Slowly, she raised her torch, only to find a sight that made her stomach turn. A hand, pale and smooth, draped over a branch. The palm was outstretched, as if waiting for an offering to be bestowed from the lightless sky above. But then the bracelet, the thing that conjured that glimmer of light, she knew it all too well. Her head spun. This must be a joke, it had to be a joke. She stepped back, nearly toppling over from her light-headedness, only for the tingling to start anew, more vigorous than before.

Then she felt it.

Something cold and slender snaked along her back. She violently turned and backed away from whatever it was. She looked at it, immediately wishing she didn’t. The sight alone froze her body, forcing her phone to drop to the dirt below. It had skin so white it seemed to stain the surrounding murk with its alabaster hue. The waxy pallor was only interrupted by a flash of red exposed by the curling of its lipless mouth, which extended till its inhuman ears. It was crowned by two bleached horns that curved and unfurled towards the starless sky above. And its ‘eyes’. They were nothing more than hollow crevices that dragged downwards, caressing its sunken cheeks.

On all fours, it started dragging its hunched back and contorted legs towards her. Selene’s mind finally took control of her fear paralysed body      and she bolted back, trying to reach the safety of the city’s warm light where someone, anyone, could help her. Every step sent a jolt up her legs, further fogging her muddled mind. She heard it close behind, indicated by the rustling of leaves and the whistling of the wind. While it made no sound to indicate its breathing, her own breath turned ragged, every gasp of frigid air  burning her lungs. She already felt her strength failing her, she couldn’t continue.

And yet she ran, desperately dodging the tree trunks and letting the lower branches sting her face as she frantically threw them aside. Sheer panic blocked her thoughts, a blinding white light that prevented the colour of thought from forming. Only one thought prevailed. Run. And she obeyed, barely feeling the shift from dirt to gravel under her feet as she fled. Everything else was an afterthought –  she needed to reach the warm, familiar embrace of the town.

The gravel turned to cobble and concrete under her feet, and looking up, she registered that she was back within the confines of the city wall. She didn’t hear any indication of that thing giving chase behind her. She hunched over, feeling the exhaustion hit her all at once, and as if she were a puppet who had just gotten its strings cut, she crouched to the floor, trying desperately to catch her breath. She felt sick, and her body still shook from the fear.

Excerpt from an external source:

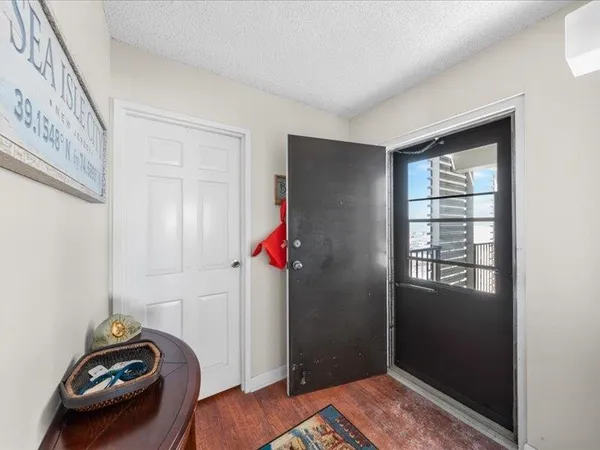 a view of a kitchen with a sink and cabinets
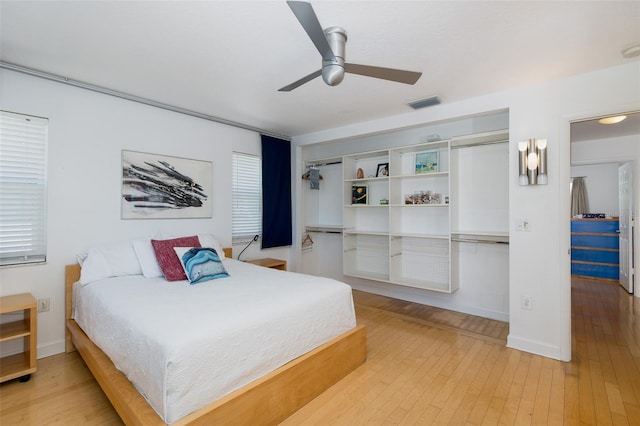 bedroom with visible vents, ceiling fan, baseboards, and hardwood / wood-style flooring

When her sanity returned, she rose to her feet and looked up, only to have the panic return and start to consume her mind. The city was pitch black, not a window or streetlight illuminated. No, this can’t be happening, thought Selene. Despite the pitch black around her, the stars did not shine, neither did the moon. They were absent, along with the residents of this once welcoming town. Gone… Gone… That one word repeated itself in her head, like an echo in a vacant cave.

She stood there, gazing hopelessly at the forsaken town. She couldn’t find it in herself to run, there was nowhere to run. And just as she abandoned all hope, she felt a cold, ivory grasp envelop her lips.

She tried to scream, but the only recipients of its muffled desperation were the howling wind and the tenebrous, starless sky.